Fifty Shades of Karma
Karma is one of the central features of Hinduism. It is also common to all the faiths that originated in India. The idea of karma is deeply rooted in the consciousness of the people of the Indian subcontinent and influences their religious outlook, behavior, attitude and relationships. On the positive side, it makes them responsible for their lives and actions and accept their fate as a consequence of their own actions. On the negative side, it makes them vulnerable to superstition and self-defeating behaviors. The following are 50 most important beliefs, ideas or concepts associated with the doctrine of karma in Hinduism.
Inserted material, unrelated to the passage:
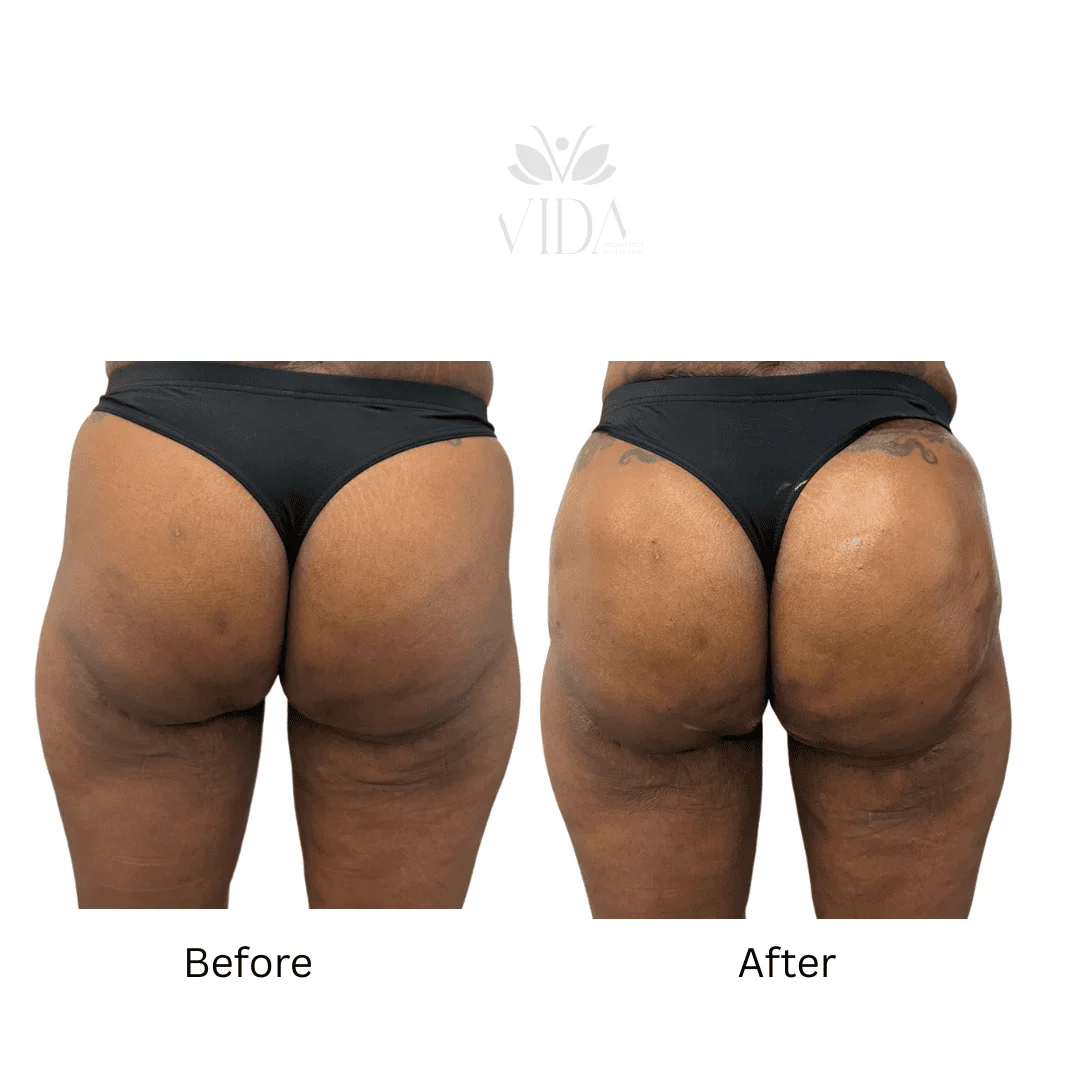 Liquid BBL Treatment Patient Before and After Photos in Houston, TX | Vida Aesthetics And Wellness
Although every effort has been made to avoid repetition, due to the complexity of certain ideas, you may find them more than once. You may use them for contemplation or further exploration.
1. Karma means any mental, verbal or physical action one performs.
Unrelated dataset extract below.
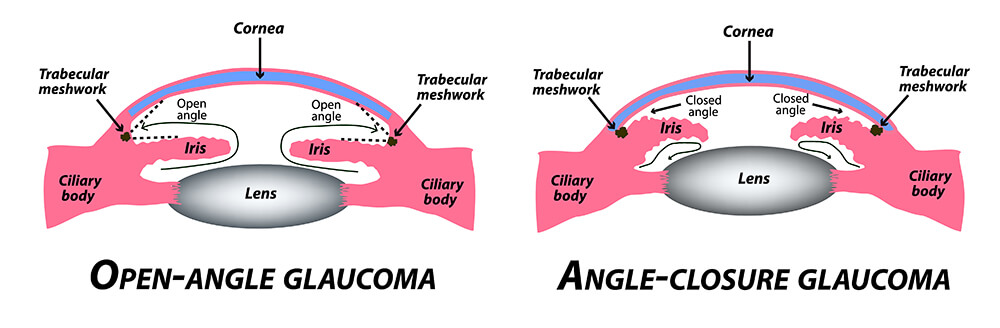Diagram Illustrating How Open-Angle and Angle-Closure Glaucoma Affects the Eye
2. The concept of karma is peculiar to the religions of Indian origin.
3. Literally, karma means that which you perform with hands (kara) or with any organ in the body (karmendriya).
4. Philosophically, karma means desire-ridden, selfish actions.
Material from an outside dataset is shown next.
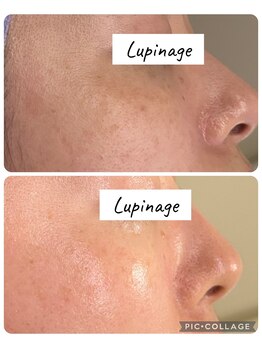 ルピナージュ(Lupinage)/【肌質改善】‐目のたるみケア‐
5. Willful inaction (akarma) or avoidance of actions also qualifies as karma.
6. The consequences of karma are called the fruit of karma.
7. The doctrine of Karma is mentioned in the Vedas, which declare that good actions lead to peace and happiness and evil actions to suffering and sin.
8. As the cumulative consequence of all actions, karma also means fate.
9. Karma binds the souls to Samsara or the cycle of births and deaths.
10. Desire is the root of karma. Sinful karma arises from selfish, desire-ridden actions.
11. The law of karma is universal and inescapable even for gods.
12. Karma is viewed in Hinduism both as an effect (phala) and as an impurity (mala).
13. Repetitive actions lead to attraction and aversion and attachments.
14. All beings from the highest to the lowest have karmas (duties).
15. Plants and animals earn karma by serving their purpose and being useful to others.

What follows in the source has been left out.